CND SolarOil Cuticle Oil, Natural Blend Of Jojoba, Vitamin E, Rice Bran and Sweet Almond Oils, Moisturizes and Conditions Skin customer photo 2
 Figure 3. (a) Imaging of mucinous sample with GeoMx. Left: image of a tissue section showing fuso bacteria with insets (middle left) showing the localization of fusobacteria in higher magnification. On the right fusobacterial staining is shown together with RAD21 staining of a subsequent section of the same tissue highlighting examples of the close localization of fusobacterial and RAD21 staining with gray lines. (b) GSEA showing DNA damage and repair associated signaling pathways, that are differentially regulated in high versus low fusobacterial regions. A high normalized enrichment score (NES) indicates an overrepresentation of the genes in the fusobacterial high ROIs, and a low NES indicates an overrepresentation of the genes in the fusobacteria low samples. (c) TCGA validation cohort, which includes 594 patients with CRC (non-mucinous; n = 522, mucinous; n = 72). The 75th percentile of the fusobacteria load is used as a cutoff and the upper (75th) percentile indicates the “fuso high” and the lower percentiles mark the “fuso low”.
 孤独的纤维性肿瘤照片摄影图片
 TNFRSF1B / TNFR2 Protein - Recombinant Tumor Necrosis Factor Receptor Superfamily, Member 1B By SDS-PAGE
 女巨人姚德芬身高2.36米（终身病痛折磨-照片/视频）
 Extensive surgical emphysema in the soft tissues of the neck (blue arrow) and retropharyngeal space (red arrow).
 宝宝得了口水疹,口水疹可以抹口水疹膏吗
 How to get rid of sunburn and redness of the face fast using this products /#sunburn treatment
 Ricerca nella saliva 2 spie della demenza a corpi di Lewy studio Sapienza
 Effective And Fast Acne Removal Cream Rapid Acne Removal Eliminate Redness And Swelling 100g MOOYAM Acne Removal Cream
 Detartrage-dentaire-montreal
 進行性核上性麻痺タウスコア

____________

Work task:
Once you have read the records, write every one of them out again exactly.

Written answer:
CND SolarOil Cuticle Oil, Natural Blend Of Jojoba, Vitamin E, Rice Bran and Sweet Almond Oils, Moisturizes and Conditions Skin customer photo 2
 Figure 3. (a) Imaging of mucinous sample with GeoMx. Left: image of a tissue section showing fuso bacteria with insets (middle left) showing the localization of fusobacteria in higher magnification. On the right fusobacterial staining is shown together with RAD21 staining of a subsequent section of the same tissue highlighting examples of the close localization of fusobacterial and RAD21 staining with gray lines. (b) GSEA showing DNA damage and repair associated signaling pathways, that are differentially regulated in high versus low fusobacterial regions. A high normalized enrichment score (NES) indicates an overrepresentation of the genes in the fusobacterial high ROIs, and a low NES indicates an overrepresentation of the genes in the fusobacteria low samples. (c) TCGA validation cohort, which includes 594 patients with CRC (non-mucinous; n = 522, mucinous; n = 72). The 75th percentile of the fusobacteria load is used as a cutoff and the upper (75th) percentile indicates the “fuso high” and the lower percentiles mark the “fuso low”.
 孤独的纤维性肿瘤照片摄影图片
 TNFRSF1B / TNFR2 Protein - Recombinant Tumor Necrosis Factor Receptor Superfamily, Member 1B By SDS-PAGE
 女巨人姚德芬身高2.36米（终身病痛折磨-照片/视频）
 Extensive surgical emphysema in the soft tissues of the neck (blue arrow) and retropharyngeal space (red arrow).
 宝宝得了口水疹,口水疹可以抹口水疹膏吗
 How to get rid of sunburn and redness of the face fast using this products /#sunburn treatment
 Ricerca nella saliva 2 spie della demenza a corpi di Lewy studio Sapienza
 Effective And Fast Acne Removal Cream Rapid Acne Removal Eliminate Redness And Swelling 100g MOOYAM Acne Removal Cream
 Detartrage-dentaire-montreal
 進行性核上性麻痺タウスコア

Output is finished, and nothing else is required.